In Christianity, one of the most common reasons Christians appeal to to justify their belief in Christianity is the so-called "inner witness of the Holy Spirit". William Lane Craig, a renowned Christian apologist, puts it this way (emphasis mine):
[...] These bothers and sisters endured horrible oppression and atheistic indoctrination by the Marxist regime and yet did not abandon Christ. As I emphasized in my answer to Question #13, evidence varies from generation to generation and from place to place and is accessible only to those privileged few who have the education, leisure time, and resources to explore it. God has provided a more secure basis for our faith than the shifting sands of evidence and argument, namely, the indwelling Holy Spirit.
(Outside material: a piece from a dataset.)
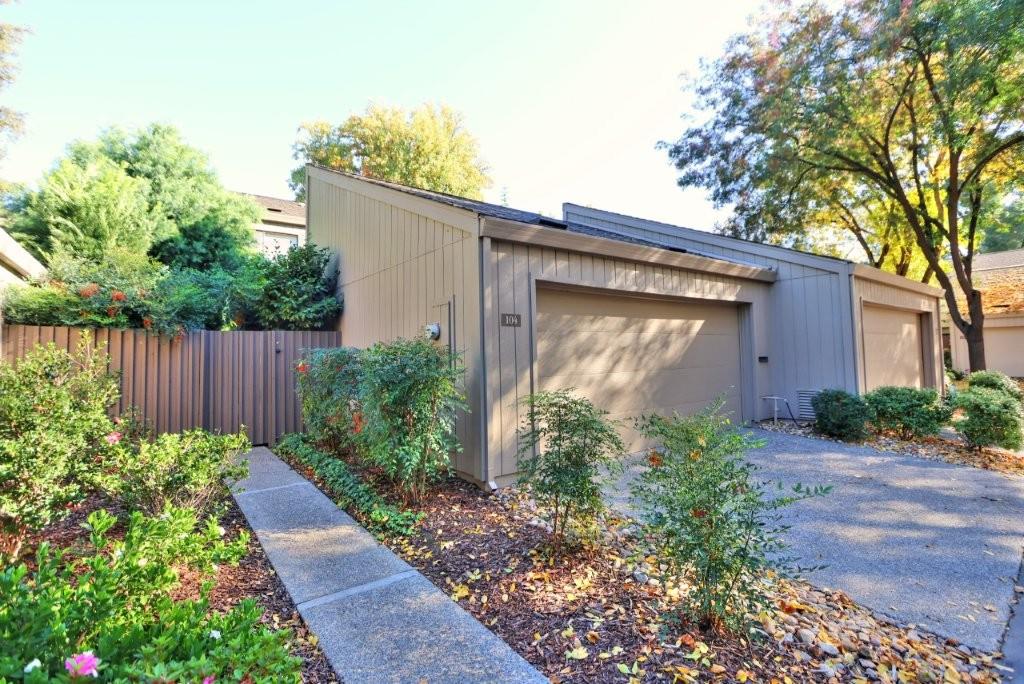 104 Dunbarton Circle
Moreover, this conclusion seems in line with New Testament teaching on the witness of the Holy Spirit. While non-believers reject New Testament teaching, Christians should take it seriously. Ponder, then, John's words:
And the Spirit is the witness, because the Spirit is the truth. . . . If we receive the testimony of men, the testimony of God is greater; for this is the testimony of God that he has borne witness to his Son. He who believes in the Son of God has the testimony in himself. He who does not believe God has made him a liar, because he has not believed in the testimony that God has borne to his Son (1 John 5:6-10).
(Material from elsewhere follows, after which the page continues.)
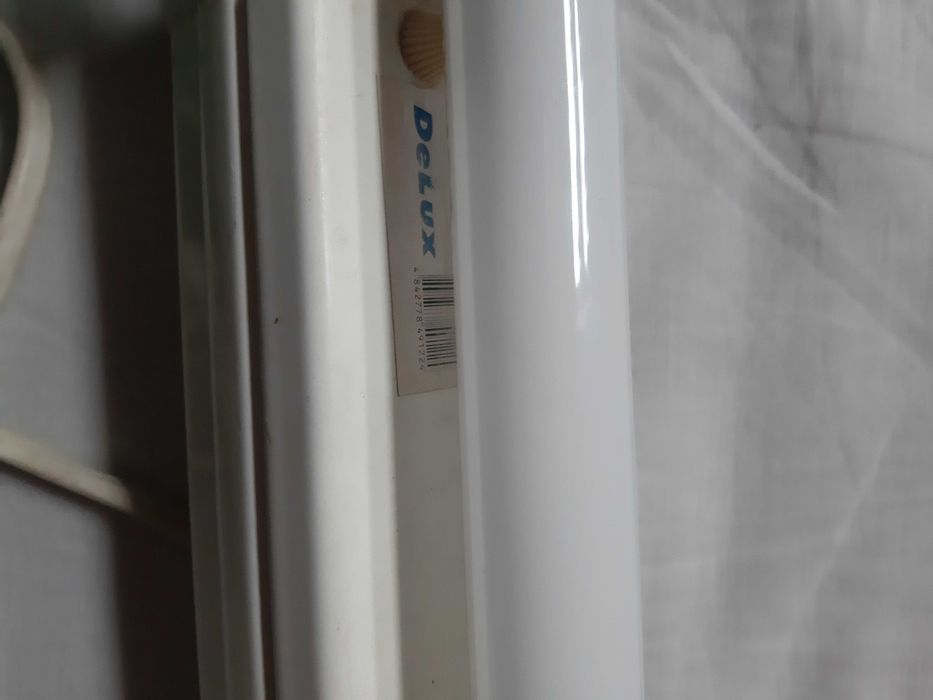 Лампа Delux для кварцевания + с лампочкой дневного света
As Christian believers we have the testimony of God living within us, the Holy Spirit, whose testimony exceeds in force all human testimony.
So in answer to your question, Kyle, I think that in fact God will not allow someone to be in a position in which the rational thing for him to do is to reject God and Christ and separate himself from God. Given that God is essentially all-loving, I'm inclined to say that such a thing will not only never happen, but that it is, indeed, impossible. It follows that Christians who have apostatized have done so in defiance of the Holy Spirit's work by quenching or grieving the Spirit, so that what they did was in the end irrational.
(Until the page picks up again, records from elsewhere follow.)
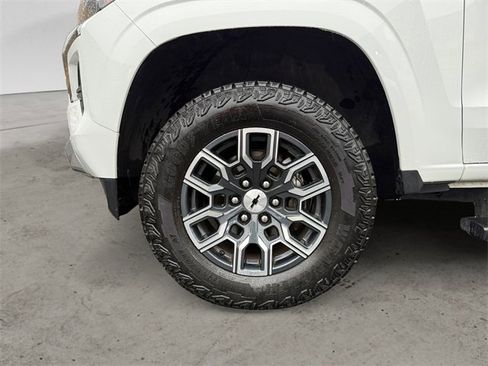 Used 2023 Chevrolet Colorado Z71 w/ Z71 Convenience Package 2 image 14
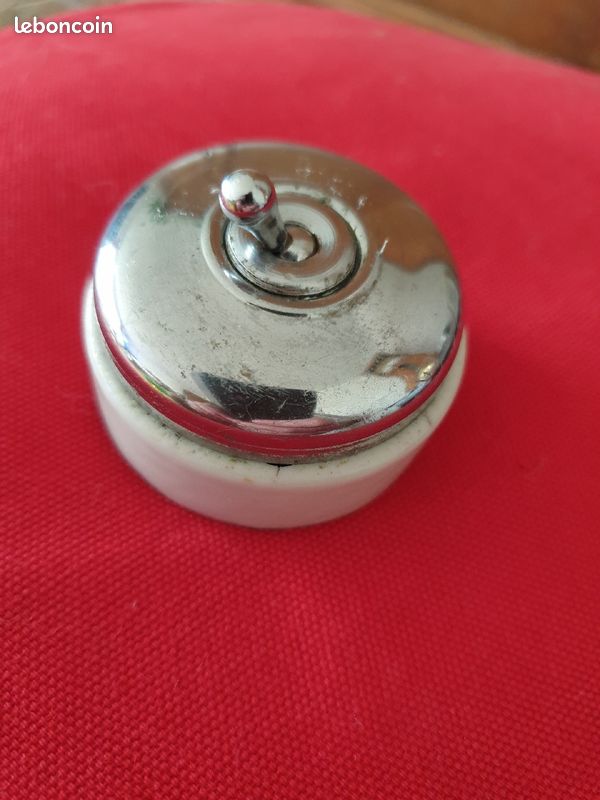 Interrupteur électrique ancien en porcelaine (image 1)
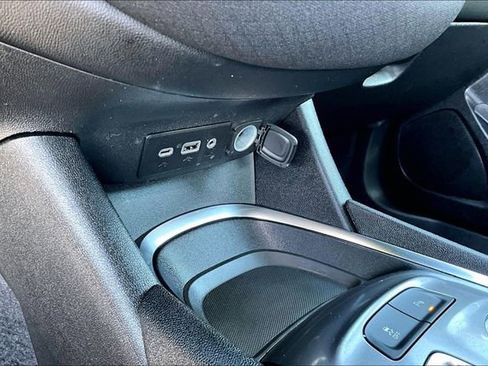 Used 2025 Chevrolet Malibu LT FWD image 15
Does that imply, Adam, as your sceptic says, that I think "evidence is unimportant when compared with faith?" No, because he's drawing a false contrast, comparing apples with oranges. Faith is not the issue here, but the ground for faith. Must the ground for faith be evidence? That is the question. We've already seen that evidentialism is bankrupt. Many of the things we know are not based on evidence. So why must belief in God be so based? Belief in God and the great truths of the Gospel is not a blind exercise of faith, a groundless leap in the dark. Rather, as Plantinga emphasizes, Christian belief is part of the deliverances of reason, grounded in the inner witness of the Holy Spirit, which is an objective reality mediated to me from God.
What is true is that evidence, as it is defined in these discussions, plays a secondary role compared to the role God Himself plays in warranting Christian belief. Should we, then, ignore strong evidence if it shows that our faith is probably false? Of course not! My work as a philosopher exemplifies the effort to confront objections to Christian belief squarely and to answer them. But most Christians in the world don't have that luxury. For them they may have to hold to their Christian belief even though they lack an answer to the alleged defeater. What I insist on is that, given the witness of the Holy Spirit within them, they are entirely rational in so doing.
Question: Is there an equivalent to the "inner witness of the Holy Spirit" in Islam? Does Allah provide a supernatural means for Muslims to reach 100% epistemological certainty that Islam is true, without having to be an expert in Islam apologetics, in a manner equivalent or similar to the "inner witness of the Holy Spirit" of Christianity?